Read was quick to point out that gravel mines are not nice to look at (a casual observer on Google Maps will quickly pick them out), and that they don’t have great environmental track records (see the history of the Maury Island gravel mine for some context). As he put it, “the mines we have are the mines we’ll get to keep using.” They are problematic even as they are a necessity for how we are currently doing things.

It’s easy to over-intellectualize the environmental impacts of roads and pick at details. That’s exactly what the public pays folks at SDOT to do (and it’s an increasingly enormous, underfunded job in our growing region). But the bottom line is that roads are there for cars, trucks, and other carbon emitting vehicles, many with single occupants, (and some dashing about the Hill delivering single cans of Coke to people who just can’t be bothered to step away from their screens). And then there’s the actual materials being used.

Even if asphalt is readily recycled (every industry website quickly points this out), it’s made of the twisted, time crunched bodies of ancient life, aka crude oil. The closest and most numerous deposits that contribute the crude oil to make asphalt are the Canadian tar sands, which if you are even slightly aware should set off alarm bells. Concrete production is one of the most environmentally impactful industries in the world; both in terms of energy production, (according to Read producing a pound of concrete emits about a pound of carbon) and the physical disruption of mining. And yet, even if you don’t drive, those busses you rely on have a heavy impact on roads, and only walking or biking still rely on those surfaces and their upkeep.

And as it turns out roads are expensive to maintain and don’t last forever. When I asked about the lifespan of a typical Seattle road, civil engineer Ben Hansen said it was around 50 years for concrete pavement. That is longer than I’ve been alive, but that doesn’t sound terribly long for something that seems so durable nor so environmentally costly. This has pressed the people who build roads to try using recycled concrete and other materials, which can have mixed results. From the point of view of someone like Read, recycling might not always be worth the effort. If you end up with a less durable surface that needs to be repaired more often or entirely replaced, the numbers might not add up. As with most things I start to ponder, roads are a lot easier to just drive down without a care in the world.

Emily Burns, SDOT Pavement Engineering Management Section Manager, made a point along these lines. Roads and sidewalks are publicly funded assets that can be taken for granted. There’s complexity in how they get made, who is supposed to take care of them, and how we get trees, pedestrians, bicycles, mass transit, cars, trucks, private businesses, single family homes, apartment complexes, and other government entities to play nice together. As Hansen put it, all these entities are vying for space that we aren’t making any more of. No one is making more space.
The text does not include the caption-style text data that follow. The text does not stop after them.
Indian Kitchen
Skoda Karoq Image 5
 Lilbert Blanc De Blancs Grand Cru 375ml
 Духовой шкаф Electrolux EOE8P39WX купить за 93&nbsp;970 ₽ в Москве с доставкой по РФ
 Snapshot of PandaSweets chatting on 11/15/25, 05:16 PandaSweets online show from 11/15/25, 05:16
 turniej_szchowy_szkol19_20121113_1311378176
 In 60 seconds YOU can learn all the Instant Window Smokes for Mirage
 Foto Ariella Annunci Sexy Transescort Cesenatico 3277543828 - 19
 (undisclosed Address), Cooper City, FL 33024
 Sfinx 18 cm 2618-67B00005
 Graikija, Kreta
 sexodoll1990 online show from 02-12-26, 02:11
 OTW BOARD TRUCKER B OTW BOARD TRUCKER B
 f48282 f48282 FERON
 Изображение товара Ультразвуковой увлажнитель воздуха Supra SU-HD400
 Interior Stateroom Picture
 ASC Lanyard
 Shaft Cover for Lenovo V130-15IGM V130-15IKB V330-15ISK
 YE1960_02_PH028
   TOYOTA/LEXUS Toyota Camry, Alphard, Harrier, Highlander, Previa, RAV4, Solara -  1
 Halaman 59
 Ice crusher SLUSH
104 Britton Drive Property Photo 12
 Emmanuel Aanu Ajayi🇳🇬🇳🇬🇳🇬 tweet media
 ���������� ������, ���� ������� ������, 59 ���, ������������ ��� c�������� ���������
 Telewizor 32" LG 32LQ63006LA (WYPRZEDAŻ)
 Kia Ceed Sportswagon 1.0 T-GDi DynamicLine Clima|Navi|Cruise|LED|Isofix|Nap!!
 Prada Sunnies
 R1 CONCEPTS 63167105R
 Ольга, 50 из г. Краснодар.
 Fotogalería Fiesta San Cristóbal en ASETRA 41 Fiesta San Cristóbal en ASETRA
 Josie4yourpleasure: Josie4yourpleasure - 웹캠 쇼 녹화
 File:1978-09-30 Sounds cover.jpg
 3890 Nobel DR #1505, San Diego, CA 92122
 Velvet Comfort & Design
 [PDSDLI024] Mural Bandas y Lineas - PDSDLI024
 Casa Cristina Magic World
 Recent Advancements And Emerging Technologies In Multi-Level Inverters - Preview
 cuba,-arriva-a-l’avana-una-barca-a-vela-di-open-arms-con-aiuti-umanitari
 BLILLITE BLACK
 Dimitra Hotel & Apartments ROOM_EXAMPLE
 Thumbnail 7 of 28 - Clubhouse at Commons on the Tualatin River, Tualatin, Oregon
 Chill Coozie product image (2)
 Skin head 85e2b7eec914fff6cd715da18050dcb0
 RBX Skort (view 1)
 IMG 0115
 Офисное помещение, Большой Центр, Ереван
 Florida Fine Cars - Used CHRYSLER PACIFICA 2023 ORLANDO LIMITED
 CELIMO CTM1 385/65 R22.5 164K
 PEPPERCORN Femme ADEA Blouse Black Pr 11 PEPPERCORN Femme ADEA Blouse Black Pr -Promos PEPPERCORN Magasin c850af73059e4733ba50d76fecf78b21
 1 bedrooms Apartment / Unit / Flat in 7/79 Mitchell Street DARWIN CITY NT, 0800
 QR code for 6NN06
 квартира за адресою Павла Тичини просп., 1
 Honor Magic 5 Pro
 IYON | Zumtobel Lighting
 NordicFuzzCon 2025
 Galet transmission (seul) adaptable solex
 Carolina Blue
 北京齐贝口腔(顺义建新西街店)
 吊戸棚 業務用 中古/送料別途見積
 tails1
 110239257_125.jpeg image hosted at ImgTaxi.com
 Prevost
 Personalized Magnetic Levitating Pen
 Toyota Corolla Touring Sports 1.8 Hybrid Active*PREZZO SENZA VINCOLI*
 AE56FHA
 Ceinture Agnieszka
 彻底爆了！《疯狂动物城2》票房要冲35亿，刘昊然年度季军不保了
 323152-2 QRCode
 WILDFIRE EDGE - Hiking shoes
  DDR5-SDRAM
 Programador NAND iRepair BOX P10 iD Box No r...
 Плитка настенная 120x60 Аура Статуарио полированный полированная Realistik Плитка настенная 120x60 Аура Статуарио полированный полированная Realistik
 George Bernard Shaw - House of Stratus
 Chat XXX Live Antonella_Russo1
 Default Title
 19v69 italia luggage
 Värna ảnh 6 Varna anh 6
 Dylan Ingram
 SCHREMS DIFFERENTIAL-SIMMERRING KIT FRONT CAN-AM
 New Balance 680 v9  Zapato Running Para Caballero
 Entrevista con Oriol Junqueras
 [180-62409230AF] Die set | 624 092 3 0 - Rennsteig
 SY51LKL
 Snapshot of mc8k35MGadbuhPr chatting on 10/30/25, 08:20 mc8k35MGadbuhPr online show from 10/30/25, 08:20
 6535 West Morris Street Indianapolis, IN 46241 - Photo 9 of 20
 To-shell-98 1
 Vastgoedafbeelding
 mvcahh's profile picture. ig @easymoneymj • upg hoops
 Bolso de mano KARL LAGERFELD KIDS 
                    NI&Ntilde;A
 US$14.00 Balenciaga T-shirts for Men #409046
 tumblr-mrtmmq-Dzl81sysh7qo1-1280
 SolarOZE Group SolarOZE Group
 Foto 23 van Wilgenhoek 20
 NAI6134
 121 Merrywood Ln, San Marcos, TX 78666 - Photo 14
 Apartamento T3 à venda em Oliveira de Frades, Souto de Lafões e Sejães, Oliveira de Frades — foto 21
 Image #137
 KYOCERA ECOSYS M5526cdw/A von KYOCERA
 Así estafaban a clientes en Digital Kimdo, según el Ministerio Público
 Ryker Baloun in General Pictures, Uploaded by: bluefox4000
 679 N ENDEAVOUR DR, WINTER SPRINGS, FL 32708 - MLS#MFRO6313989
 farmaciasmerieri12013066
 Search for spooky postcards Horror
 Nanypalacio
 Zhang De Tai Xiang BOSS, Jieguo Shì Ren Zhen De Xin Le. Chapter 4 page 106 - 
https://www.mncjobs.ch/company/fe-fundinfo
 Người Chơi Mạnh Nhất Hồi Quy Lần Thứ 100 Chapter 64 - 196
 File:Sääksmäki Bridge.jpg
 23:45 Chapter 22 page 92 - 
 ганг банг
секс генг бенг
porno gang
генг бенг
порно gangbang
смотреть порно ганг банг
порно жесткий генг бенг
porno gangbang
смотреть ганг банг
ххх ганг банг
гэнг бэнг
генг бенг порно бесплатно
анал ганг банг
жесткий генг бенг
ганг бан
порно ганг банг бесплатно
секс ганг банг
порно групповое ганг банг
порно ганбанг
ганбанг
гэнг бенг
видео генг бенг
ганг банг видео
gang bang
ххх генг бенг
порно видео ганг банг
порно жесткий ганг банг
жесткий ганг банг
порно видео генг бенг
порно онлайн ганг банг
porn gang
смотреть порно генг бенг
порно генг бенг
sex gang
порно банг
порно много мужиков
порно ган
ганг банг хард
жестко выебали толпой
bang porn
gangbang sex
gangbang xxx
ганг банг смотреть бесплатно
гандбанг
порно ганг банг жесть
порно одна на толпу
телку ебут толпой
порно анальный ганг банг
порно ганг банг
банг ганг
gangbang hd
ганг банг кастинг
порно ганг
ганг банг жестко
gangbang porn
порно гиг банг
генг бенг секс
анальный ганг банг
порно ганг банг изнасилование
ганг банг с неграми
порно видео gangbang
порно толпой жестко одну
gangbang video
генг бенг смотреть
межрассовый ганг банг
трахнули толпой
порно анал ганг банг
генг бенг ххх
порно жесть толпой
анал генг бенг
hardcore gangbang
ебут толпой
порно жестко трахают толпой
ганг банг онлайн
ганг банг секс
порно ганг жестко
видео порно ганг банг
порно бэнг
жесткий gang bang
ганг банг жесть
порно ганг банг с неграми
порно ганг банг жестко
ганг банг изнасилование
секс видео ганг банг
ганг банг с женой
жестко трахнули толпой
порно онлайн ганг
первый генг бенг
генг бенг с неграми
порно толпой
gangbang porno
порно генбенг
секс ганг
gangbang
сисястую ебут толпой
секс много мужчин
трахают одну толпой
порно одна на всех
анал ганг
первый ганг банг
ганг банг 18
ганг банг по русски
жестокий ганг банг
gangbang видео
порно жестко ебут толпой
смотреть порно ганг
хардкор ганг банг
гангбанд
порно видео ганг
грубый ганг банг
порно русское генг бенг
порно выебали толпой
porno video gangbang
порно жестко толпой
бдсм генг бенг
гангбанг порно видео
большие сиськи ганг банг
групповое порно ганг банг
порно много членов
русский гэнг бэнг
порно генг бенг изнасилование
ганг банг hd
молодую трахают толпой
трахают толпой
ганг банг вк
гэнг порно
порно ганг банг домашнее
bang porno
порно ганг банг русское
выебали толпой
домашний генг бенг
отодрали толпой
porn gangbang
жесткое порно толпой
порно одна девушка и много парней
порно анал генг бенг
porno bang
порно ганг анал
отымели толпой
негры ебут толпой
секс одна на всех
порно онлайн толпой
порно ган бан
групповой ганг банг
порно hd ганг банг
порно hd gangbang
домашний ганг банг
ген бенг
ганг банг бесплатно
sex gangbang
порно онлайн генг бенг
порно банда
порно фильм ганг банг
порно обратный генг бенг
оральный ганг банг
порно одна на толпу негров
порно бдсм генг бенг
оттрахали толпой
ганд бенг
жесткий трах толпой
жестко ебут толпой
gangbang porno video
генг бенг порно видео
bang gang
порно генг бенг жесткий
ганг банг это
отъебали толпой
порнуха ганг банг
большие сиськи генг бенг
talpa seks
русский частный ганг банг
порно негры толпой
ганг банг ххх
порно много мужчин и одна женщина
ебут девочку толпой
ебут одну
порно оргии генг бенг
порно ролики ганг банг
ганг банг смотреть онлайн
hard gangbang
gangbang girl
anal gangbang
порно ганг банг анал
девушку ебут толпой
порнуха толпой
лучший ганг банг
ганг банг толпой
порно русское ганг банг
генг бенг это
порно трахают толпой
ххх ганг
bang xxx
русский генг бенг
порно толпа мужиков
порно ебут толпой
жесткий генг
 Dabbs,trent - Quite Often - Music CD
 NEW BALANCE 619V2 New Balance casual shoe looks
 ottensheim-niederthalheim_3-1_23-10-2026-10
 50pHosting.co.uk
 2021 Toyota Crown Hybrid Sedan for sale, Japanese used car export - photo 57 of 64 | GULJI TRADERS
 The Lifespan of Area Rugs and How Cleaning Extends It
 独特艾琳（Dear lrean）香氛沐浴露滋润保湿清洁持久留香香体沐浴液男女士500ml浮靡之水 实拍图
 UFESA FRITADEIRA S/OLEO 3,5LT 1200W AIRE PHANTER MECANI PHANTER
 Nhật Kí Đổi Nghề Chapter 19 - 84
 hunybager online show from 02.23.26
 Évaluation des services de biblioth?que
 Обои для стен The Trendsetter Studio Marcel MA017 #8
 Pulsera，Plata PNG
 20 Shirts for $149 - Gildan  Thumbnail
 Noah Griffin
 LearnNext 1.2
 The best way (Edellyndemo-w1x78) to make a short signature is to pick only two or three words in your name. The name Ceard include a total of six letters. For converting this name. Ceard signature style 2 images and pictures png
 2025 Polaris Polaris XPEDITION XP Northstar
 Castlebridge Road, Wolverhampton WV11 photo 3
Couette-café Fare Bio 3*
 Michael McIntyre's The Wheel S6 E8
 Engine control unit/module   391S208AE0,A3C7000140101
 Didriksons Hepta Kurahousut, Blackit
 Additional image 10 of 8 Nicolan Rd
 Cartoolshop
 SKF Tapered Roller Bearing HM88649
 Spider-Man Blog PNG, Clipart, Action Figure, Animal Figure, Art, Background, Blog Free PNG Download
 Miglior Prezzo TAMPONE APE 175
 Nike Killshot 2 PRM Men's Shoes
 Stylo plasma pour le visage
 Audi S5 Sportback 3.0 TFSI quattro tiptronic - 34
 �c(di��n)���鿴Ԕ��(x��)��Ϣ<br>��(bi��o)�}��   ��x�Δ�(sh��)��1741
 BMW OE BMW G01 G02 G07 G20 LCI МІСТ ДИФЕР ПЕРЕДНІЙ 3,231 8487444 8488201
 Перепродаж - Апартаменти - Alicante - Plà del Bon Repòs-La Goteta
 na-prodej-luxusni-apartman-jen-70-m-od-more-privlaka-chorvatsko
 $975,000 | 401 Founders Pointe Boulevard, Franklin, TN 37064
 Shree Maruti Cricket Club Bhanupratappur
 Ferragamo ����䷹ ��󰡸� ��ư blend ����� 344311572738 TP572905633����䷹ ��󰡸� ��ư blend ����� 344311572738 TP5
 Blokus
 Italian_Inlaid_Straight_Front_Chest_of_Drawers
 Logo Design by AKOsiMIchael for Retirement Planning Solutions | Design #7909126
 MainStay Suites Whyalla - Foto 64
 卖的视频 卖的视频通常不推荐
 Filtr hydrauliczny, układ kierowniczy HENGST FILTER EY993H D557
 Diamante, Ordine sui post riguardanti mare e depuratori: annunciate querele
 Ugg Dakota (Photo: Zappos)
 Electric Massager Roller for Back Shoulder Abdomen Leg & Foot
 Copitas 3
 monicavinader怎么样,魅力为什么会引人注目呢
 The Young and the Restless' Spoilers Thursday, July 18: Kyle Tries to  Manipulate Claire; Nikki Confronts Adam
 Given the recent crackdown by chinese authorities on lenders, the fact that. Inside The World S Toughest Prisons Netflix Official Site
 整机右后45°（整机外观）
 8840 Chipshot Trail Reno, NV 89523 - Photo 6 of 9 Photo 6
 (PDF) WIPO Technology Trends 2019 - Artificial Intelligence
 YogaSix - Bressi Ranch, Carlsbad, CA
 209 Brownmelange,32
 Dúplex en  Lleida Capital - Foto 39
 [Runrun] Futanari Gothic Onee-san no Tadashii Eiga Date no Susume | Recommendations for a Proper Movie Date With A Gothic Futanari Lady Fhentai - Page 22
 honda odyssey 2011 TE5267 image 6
Which brings me back around to my initial thoughts around plants growing in the cracks. This is my comfort area because this column likes weeds but not necessarily getting lost in the tall, complex public policy kind — even if they are important to the wellbeing of all.

After talking with the folks at SDOT, I started my commute home from work by walking down a busy Seattle street. As I walked, I looked down at material deeply tied to our geological heritage.

Looking down at what grows between the cracks. (Image: Brendan McGarry)

My feet were pounding over a mix that likely included gravel crushed and thrust into piles by the leading edge of continental ice sheets. And in the chinks between this armoring were chickweed, dandelion, and speedwell. Welcome or not, they were trudging down the endless path of trying to root where they fall as seeds, in this case into a seemingly unyielding medium. And yet when the glaciers receded, this part of the world was probably just as bleak, just as hard and cold and life sprang back readily. The seeds of street trees overhead were down there too, nestled amidst lichen and moss, waiting for soil to be built by decaying sluff settled in the cracks. Though it’s often overstated, nature is everywhere, we just have to apply the right lens and travel down the right road, even if it leads to some uneasy answers.